Organisations from the UN to world trade bodies, national governments and processors accept that people have the right to expect a high standard from food. At the same time they need to ensure trade does not have so many restrictions that it becomes too burdensome.
The volume of world food trade is valued between US$300–400 billion, according to FAO.
With the increasing urbanisation of populations, even developing countries are becoming more reliant on global trade and food processing for their supply of food.
It is important that in the long supply chains from farm to consumer food is kept safe, of good quality and suitable for consumption.
These requirements impact business sectors like food processors and producers in every country as consumers are demanding better safety and quality. Producers and processors exporting food to other countries are subject to their own national regulations and also the strict enforcements of standards and regulations of the major importing countries.
The implementation of food safety involves a complex mix of laws, standards and accepted good practices, involving governments, international organisations (e.g. WTO), industry organisations (e.g. GFSI, BRC), research agencies, independent standards bodies (e.g. BRC, IFS) and independent certification bodies.
The global reference point for food producers, processors, consumers, national food safety agencies and the international food trade is the Codex Alimentarius, first drawn up by the FAO and WHO in 1961 and managed by the Codex Alimentarius Commission.
The importance of Codex Alimentarius was recognised in the 1985 United Nations Resolution 39/248:
"Governments should take into account the need of all consumers for food security and should support and, as far as possible, adopt standards from the Food and Agriculture Organization of the United Nations and the World Health Organization Codex Alimentarius..."
It has become the global driver for harmonisation of practices and standards among national bodies, for food safety and quality and also international trade. Its standards are recognised by the World Trade Organisation (WTO) for the settlement of trade disputes.
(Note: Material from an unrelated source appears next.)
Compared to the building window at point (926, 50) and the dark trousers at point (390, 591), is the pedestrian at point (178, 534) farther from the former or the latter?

The Codex has stimulated countries to introduce new food legislation and Codex-based standards, and to establish or strengthen agencies responsible for monitoring compliance with regulations.
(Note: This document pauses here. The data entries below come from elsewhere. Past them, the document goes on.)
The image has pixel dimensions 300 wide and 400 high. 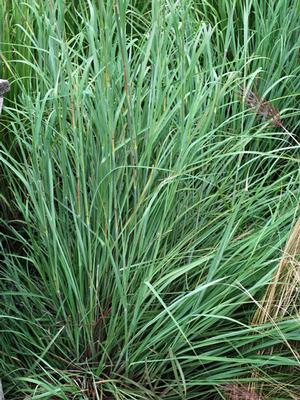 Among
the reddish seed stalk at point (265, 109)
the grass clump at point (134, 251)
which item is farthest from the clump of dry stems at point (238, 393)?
the reddish seed stalk at point (265, 109)

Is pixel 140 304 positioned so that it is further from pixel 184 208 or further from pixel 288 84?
pixel 288 84

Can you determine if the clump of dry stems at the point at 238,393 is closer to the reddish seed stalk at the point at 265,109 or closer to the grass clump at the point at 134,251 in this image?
the grass clump at the point at 134,251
The EU set up the European Food Safety Authority in 2002 as an independent source of scientific advice.
The UK government established the independent Food Standards Agency (FSA) in 2001, bringing together several existing agencies into one body, to promote standards through the food chain and advise the government.
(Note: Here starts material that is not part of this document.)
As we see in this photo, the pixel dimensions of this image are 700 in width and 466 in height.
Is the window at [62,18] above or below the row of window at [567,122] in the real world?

India introduced the Food Safety and Standards Act in 2006, which consolidated various organisations to create the Food Safety and Standards Authority of India (FSSAI).
In the European Union, the food and drink industry is the biggest manufacturing sector in terms of jobs and value added. It is also both one of the world’s largest importers of food products and the world’s largest exporter of processed food and drink products, with an export value of €43 billion in 2013, according to the European Commission.
The EU negotiates trade agreements for member countries and represents all member countries in the WTO for multilateral trade agreements. It has negotiated bilateral agreements with members of all the major trading blocks, such as OECD countries, Gulf Co-operation Council, Mercosur and Andean countries, etc.
All EU and individual national measures are guided by the general principles of food and feed law described in the The General Food Law Regulation (EC) 178/2002. These cover all stages of the production, processing and distribution of food and animal feed.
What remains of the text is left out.